November 29, 2011

Impact of Cap-and-Trade on Connecticut’s Economy


The November 21st edition of HartfordBusiness.com summarizes an analysis of the Northeast’s cap-and-trade system, requiring electric generators to pay for their emissions of carbon dioxide has produced a regional net benefit of $1.6 billion over the past three years, with $189 million accruing to Connecticut.

Under the 10-state Regional Greenhouse Gas Initiative, power plants buy offsets in an auction based on how much carbon dioxide they emit. The money is redistributed to participating states.

A study by the Analysis Group of the initiative’s first three years, starting in 2009, examined how the states spent the auction money, and its impact on the states’ economies vs. the cost to the power generators to participate in the auction.
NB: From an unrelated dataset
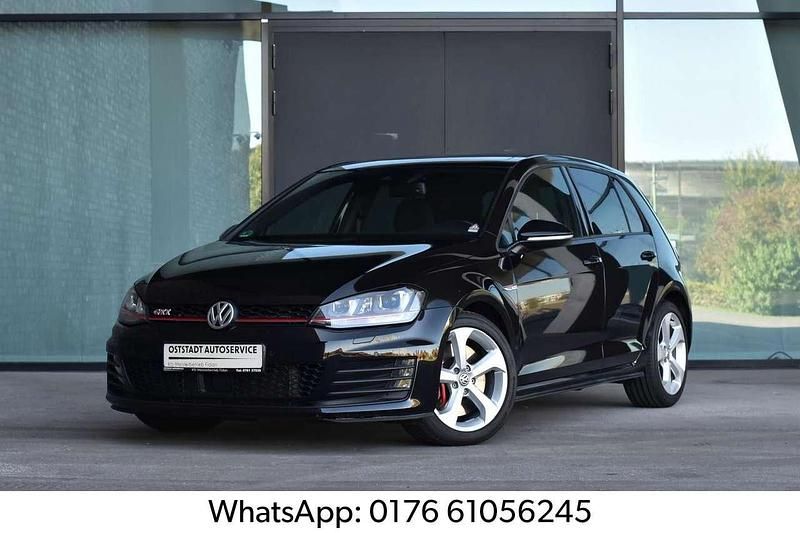 Schwarz Gebraucht 2016 VW Golf VII GTI Limousine | 17.500 € (Guter Preis) - Bild 1/4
The study found that Connecticut invested 73% of its funding for energy efficiency; 23% in renewable energy projects; 5% on offsetting air pollution; and 1% on clean energy education for teachers and students. Efficiency reaped large dividends for Connecticut because those measures sliced overall consumption in the state, saving ratepayers money on their utility bills to spend elsewhere. Energy efficiency also lowered wholesale electric rates, as fewer high-cost power generators are needed to meet demand. While power plants in the state paid nearly $175 million, the proceeds resulted in $364 million in total benefits.

The other participating states are Massachusetts, New York, Rhode Island, New Hampshire, New Jersey (which is leaving the initiative), Maine, Vermont, Delaware and Maryland.